**Distinguished lectures**

**Talk 1: Interpolation of data by smooth functions // Talk 2: Mathematical problems on graphene**

**Speaker:** Charles Fefferman (Princeton University)**Date:** Friday, 15 October 2021 - 15:00 - 17:30**Online:** youtu.be/VER3NzEGLd0

**Abstract:**

**Talk 1: "Interpolation of data by smooth functions"**

Let X be your favorite Banach space of continuous functions on R^n. Given a real-valued function f on a (possibly awful) subset E of R^n, how can we decide whether f extends to a function F:R^n->R in the space X? If such an F exists, then how small can we take its norm in X? What can we say about derivatives of F? Can we take F to depend linearly on f?
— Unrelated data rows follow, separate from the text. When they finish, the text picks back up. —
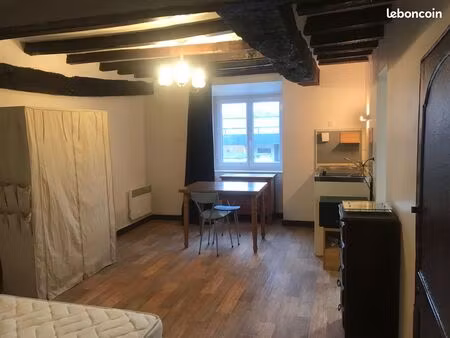 studio en centre bourg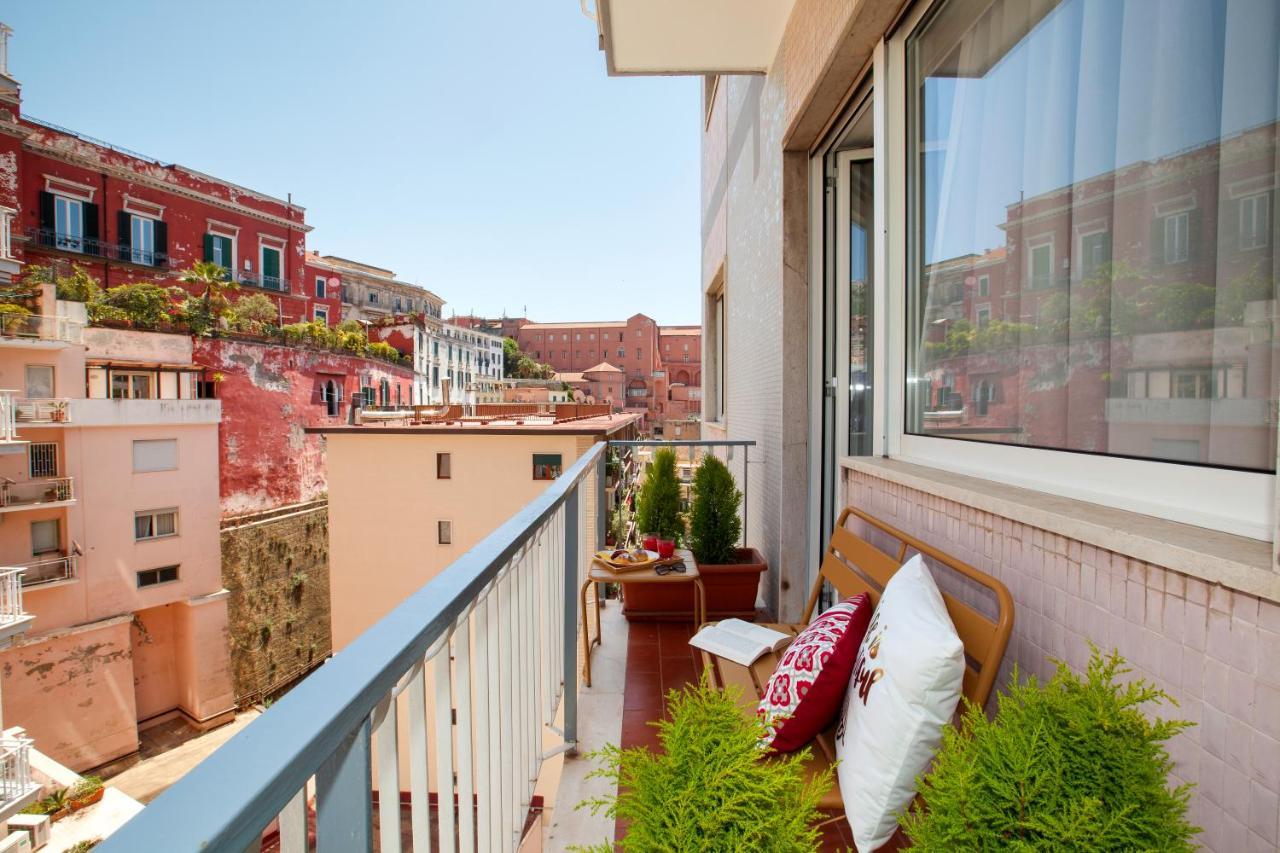 Vivaldo Suite Piazza Dei Martiri - Guest House เนเปิลส์ ภายนอก รูปภาพ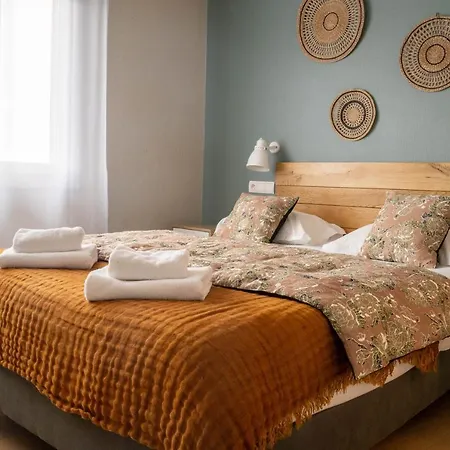 Logis - Le Belvedere - 2 Etoiles Et Restaurant Hotel 2*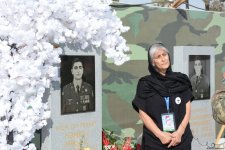 В Баку общественность чтит память военнослужащих, погибших в антитеррористических мероприятиях локального характера в Карабахе (ФОТО)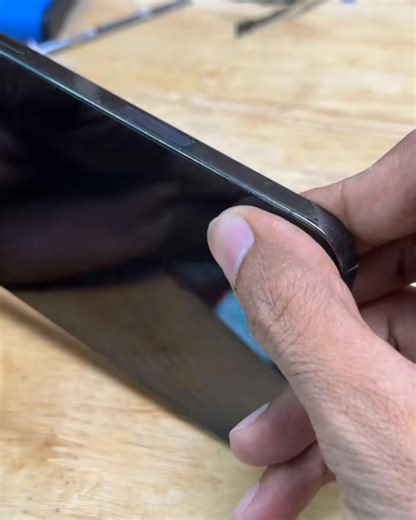 ទូរស័ព្ទ​ iPhone 13 Pro Max របស់​គ្រូ​ ភុំ​ សារាយ​ បញ្ហា​អេក្រង់​ចេញ... (7428822136871079185) | Inner Life | Facebook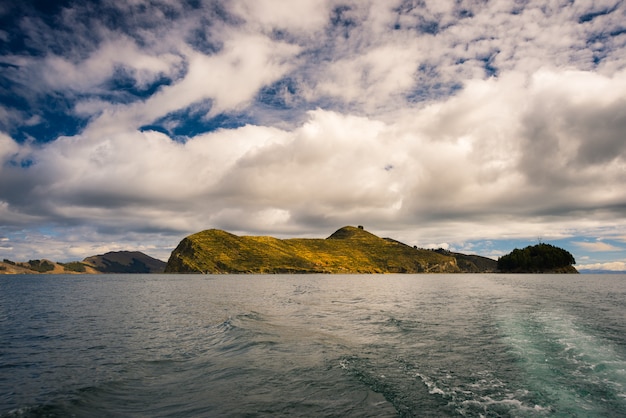 Vue au large de l'île du soleil, lac Titicaca, Bolivie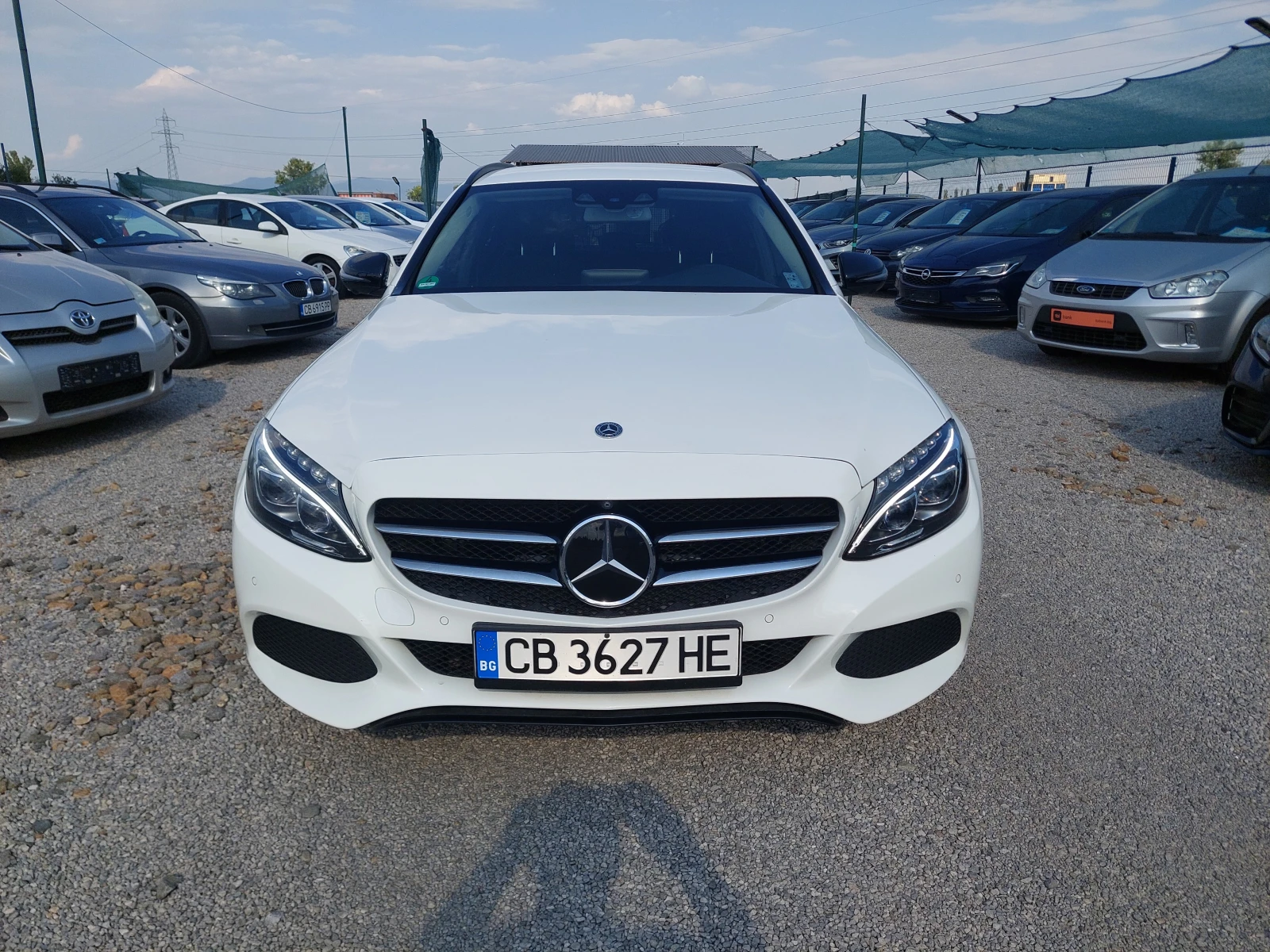 Mercedes-Benz C 200, снимка 2 - Автомобили и джипове - 55347382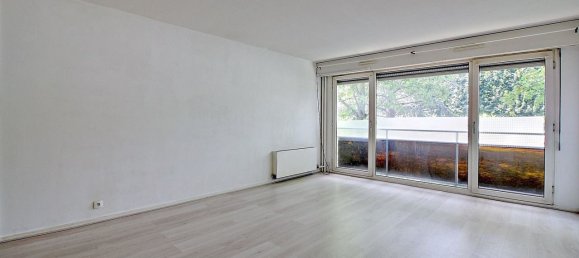 Estudio en Poissy, France No. 175294 2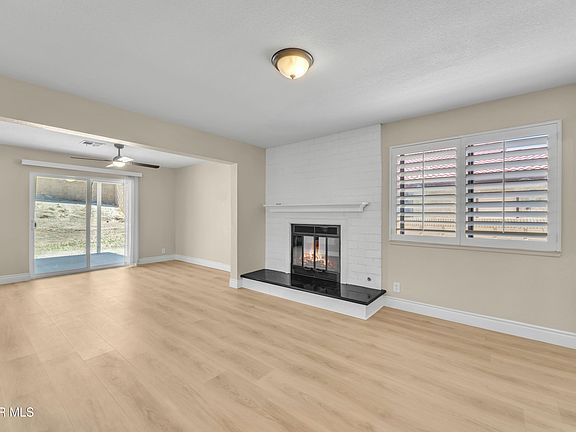 5th image of 2232 Thomas Ave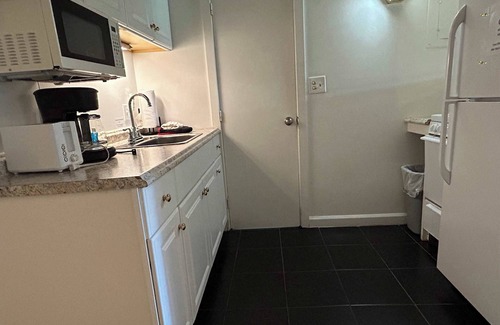 Oak Bluffs Condo | Island Inn - Residential Suite - 32G - Dog-freindly - Oak Bluffs, MA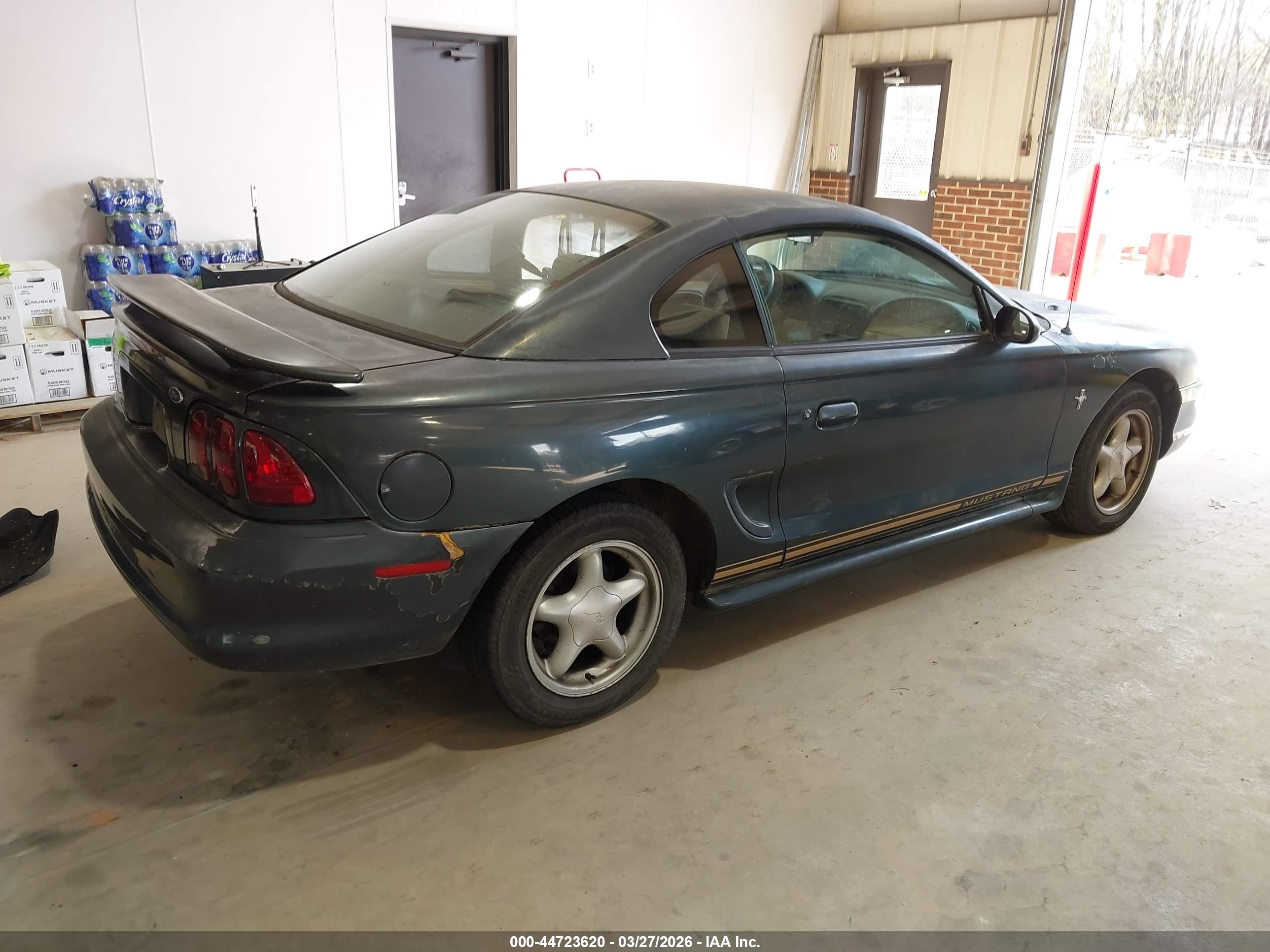 FORD MUSTANG image 4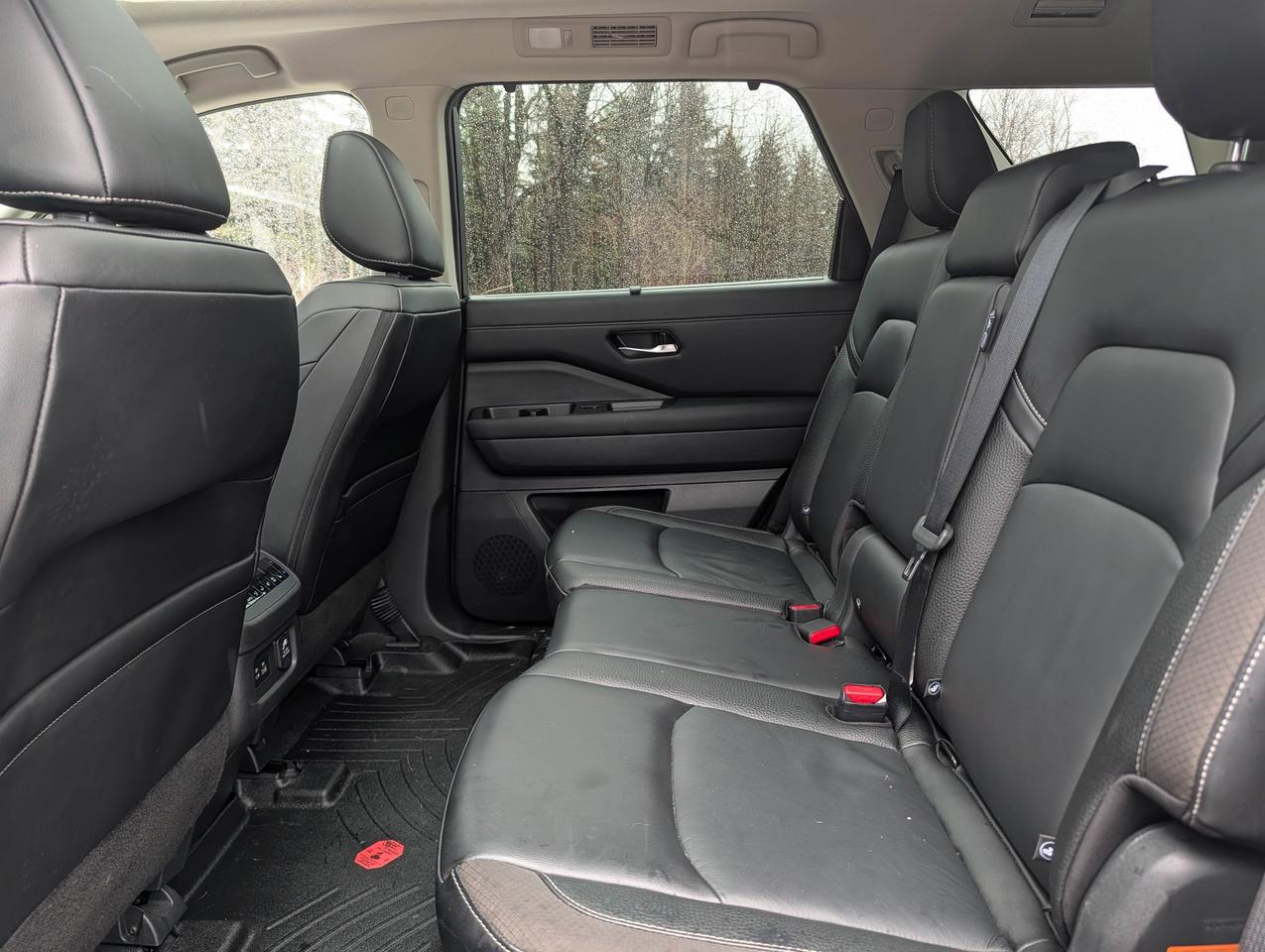 2024 Nissan Pathfinder SL Photo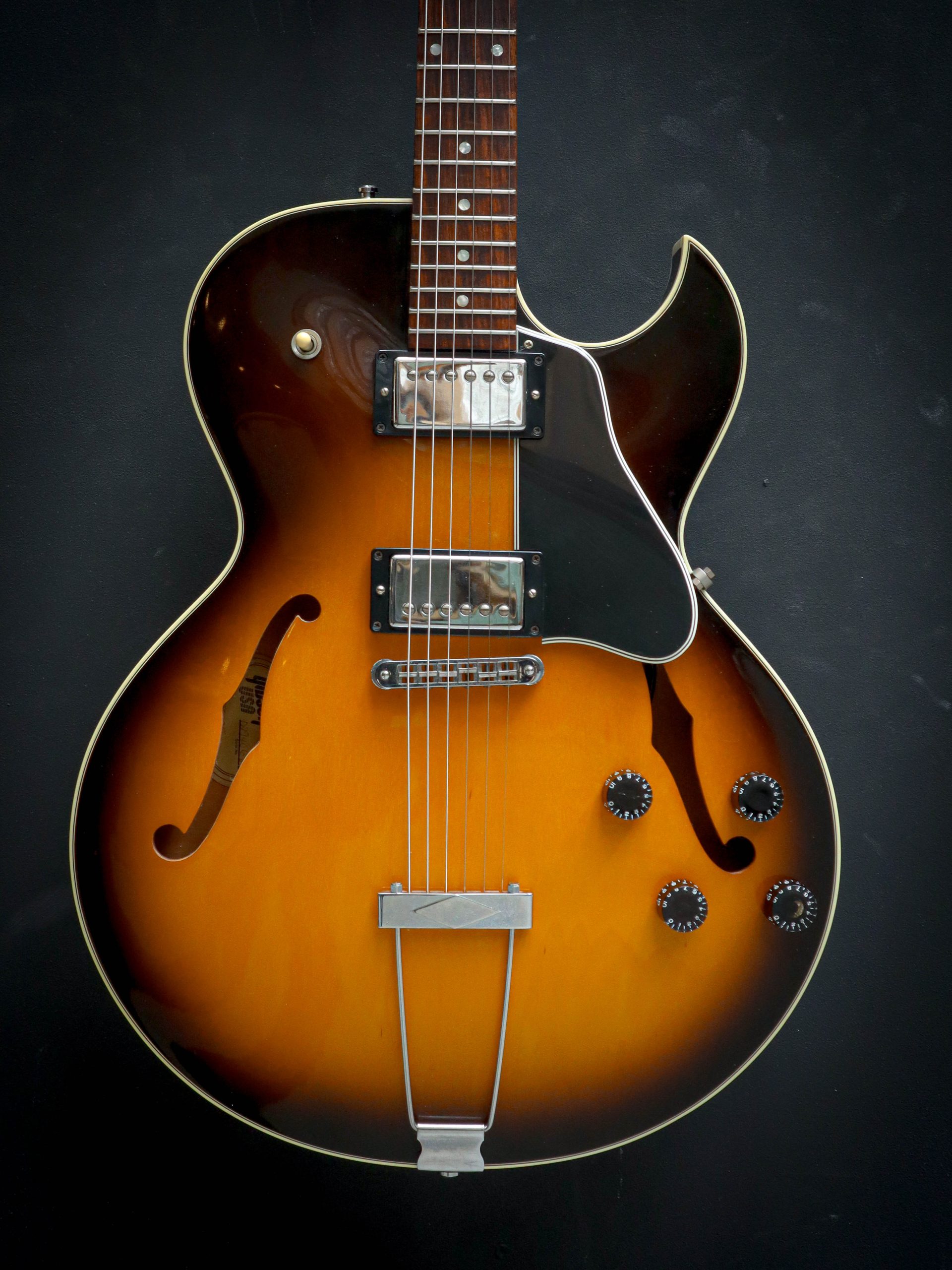 Gibson ES-135 Memphis Limited Edition 2000 - Afbeelding 3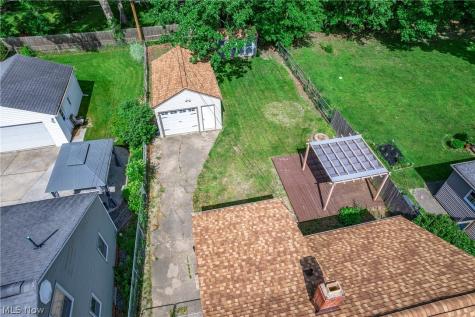 168 Beck Road Avon Lake OH 44012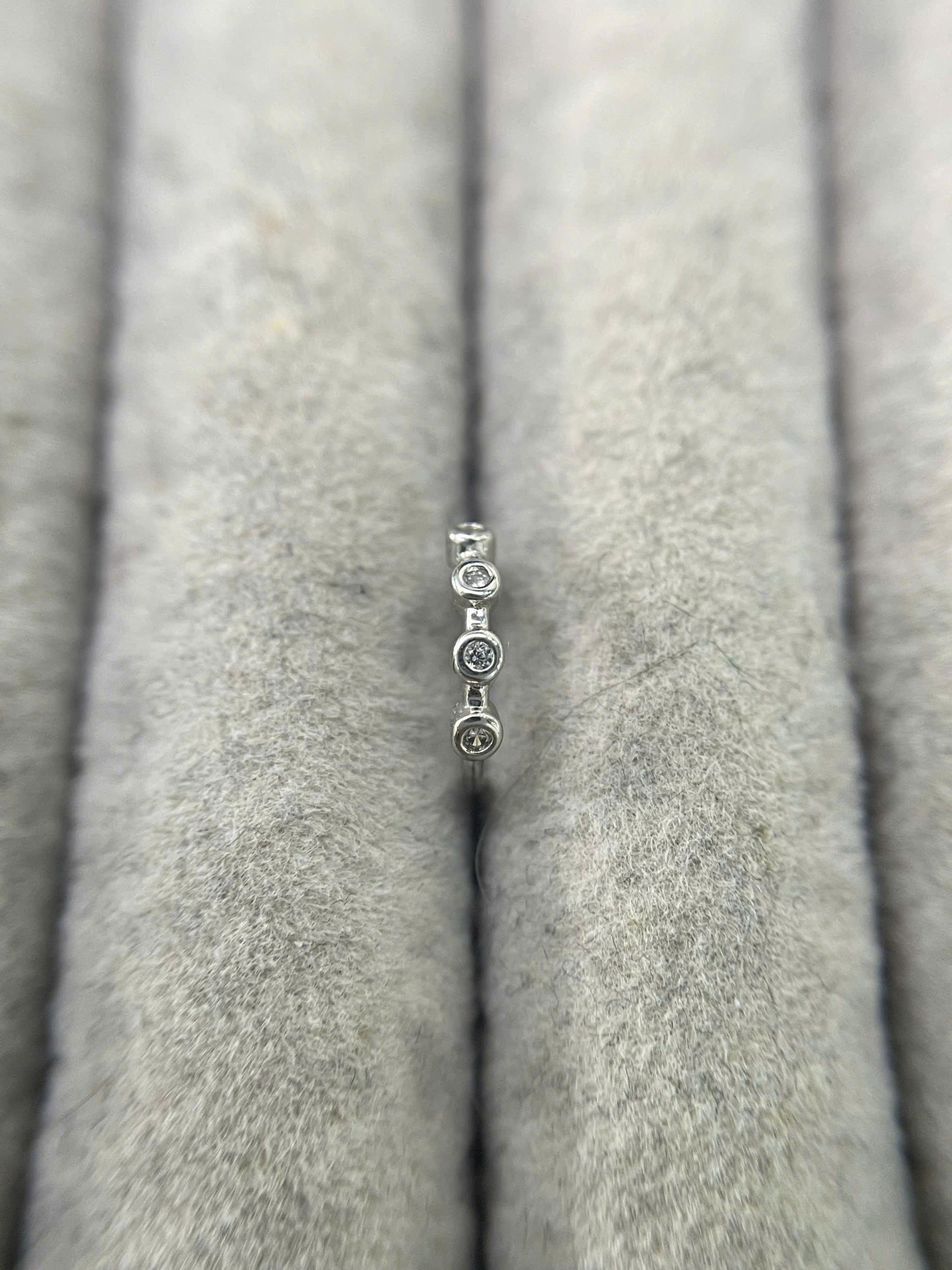 Vòng bẻ 4 kim cương size 8._thumbnail_2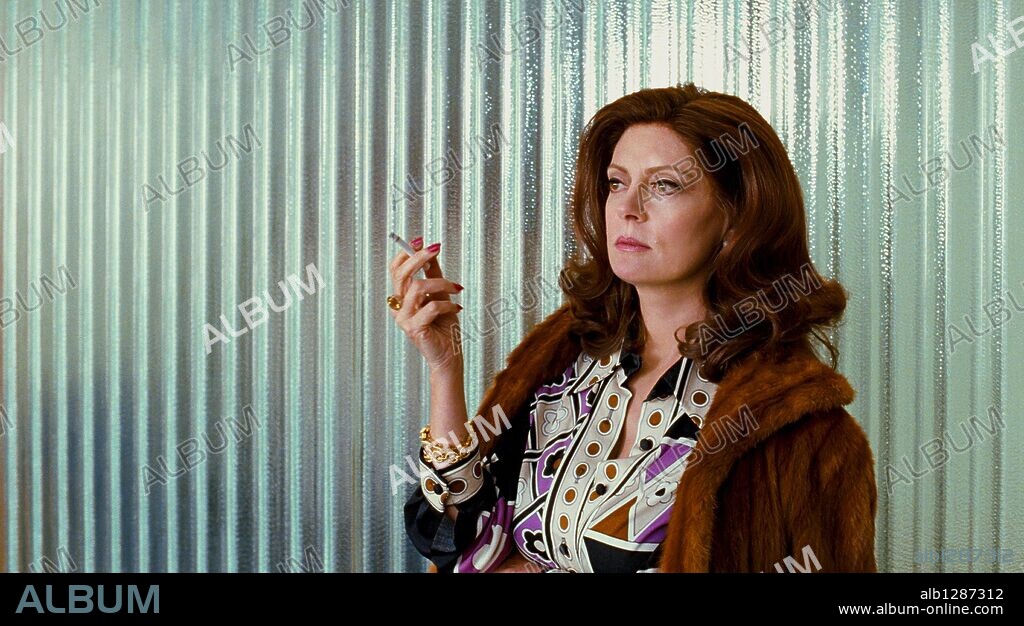 SUSAN SARANDON in THE LOVELY BONES, 2009, directed by PETER JACKSON. Copyright WINGNUT FILMS.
Suppose E is finite. Can we compute an F whose norm in X has the least possible order of magnitude? How many computer operations does it take? What if we demand merely that F agree approximately with f on E? What if we are allowed to discard a few data points as "outliers"? Which data points should we discard?

**Talk 2: "Mathematical problems on graphene"**

The talk presents two standard models used by physicists to study the propagation of electrons in graphene. The lecture presents theorems that relate those models to each other, then derive from them some well-known phenomena along with another phenomenon that's not so well known.